Examples of Classroom Procedures/Expectations
- Enter the classroom quietly and in an orderly manner.
- As you entered class, you were assigned a seat. This will be your permanent seat
unless I move you.
- Always sit up straight in your desk facing forward.
- The day’s date can always be found in the same place everyday: the top right –
hand corner of both marker boards.
- Our attention getter will be the ringing of my bell. Expectations are for you to stop what you are doing (talking, group activities, visitors, etc.) and give me active listening.
- Please raise your hand and sit quietly to ask/answer a question, to comment, sharpen your pencil, or get permission to leave your desk. Do not blurt out answers or questions.
- Please take care of restroom/water breaks between classes. You will be given 2 restroom passes for each 9 weeks for use in an emergency. Use them wisely! If you do not use them, you will receive two homework grades of 100. If you do need to go to restroom after you have used both of your passes, you will be allowed to go, but you will have to make up the time you miss before school, at break, after lunch, or after school.
- If you need to purchase any type of supplies (pencils, paper, etc.) make sure you do so before the tardy bell rings.

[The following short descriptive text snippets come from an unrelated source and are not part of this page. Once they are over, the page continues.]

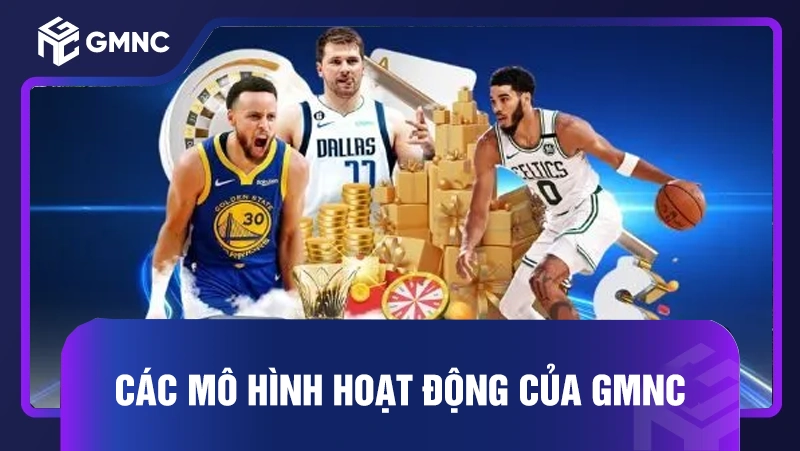 Các mô hình hoạt động của GMNC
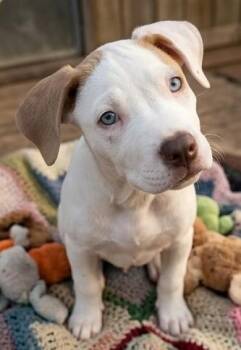 Jewel -  Labrador Retriever and Boxer Dog for Adoption in Batesville, Arkansas - Jewel | PetCurious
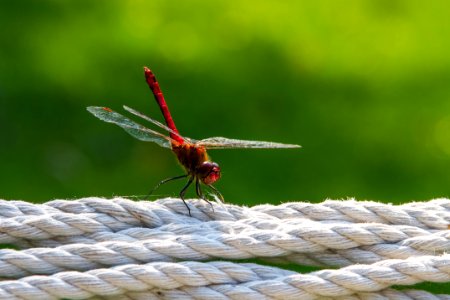 Free stock photo of dragonfly, hammock, insect photo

Supplies will not be sold during class.
- Make sure you have two sharpened pencils every day. “Pop pencil checks” will be
conducted throughout the year.
- You will have an assignment (5 Min. Check, Bell Activity, in-class writing, etc.) on the board/overhead projector every day before the bell rings for class to begin.
Immediately begin this assignment as soon as you are seated. If you had homework the previous night, have it out and ready to check. There should be no talking during this time.
- You are responsible for keeping your work area clean. You may not get up during
class to throw things in the garbage can. You may do this on your way out the door at the end of class.
- If calculators are being used, make sure you get your calculator before the tardy
bell rings.
- Please do not write on the desks. I will check each desk after each period. If you write on your desk, you will clean every desk in the classroom.
- When you receive your textbook, check it for any type of damage. Make a list of
all damage and turn it in. If your book is damaged and you do not turn in a list, you will be responsible for that damage at the end of the year. Make sure your textbook is always covered with a book cover.
- If you are caught cheating on an assignment/test, you will receive a zero. If you use someone else’s homework, you and the other person will both receive a zero.
- Write all assignments/upcoming tests or quizzes on your assignment calendar.
Your assignment calendar should look like the assignment on the board.
- When completing a homework assignment, always put your name, the page # and problems to work at the top of your homework paper. (Pg. 82 # 10 – 30 E)
- If you miss an assignment of test due to an absence, it is your responsibility to
arrange time to make up this work. Please discuss this with me before or after school, during break or before class begins.
- Make sure you turn in your checked homework assignment at the end of every class. This should be done as you are leaving the classroom. If you did not do your homework, turn in the problems that were discussed/worked in class.
19. You will receive one homework pass at the beginning of the year. This pass may
be used once to receive full credit on an incomplete homework assignment. Additional passes will be given to all students who do not receive a warning for violating a classroom rule from the beginning of the 9 – weeks through progress report OR from progress reports to the end of the 9 – weeks.
- In case of a fire, the bell will have short rings. We will quietly and calmly line up
and exit the building to the right of the classroom door. We will remain in a group and walk to the fence around the field. There should be no talking during this time.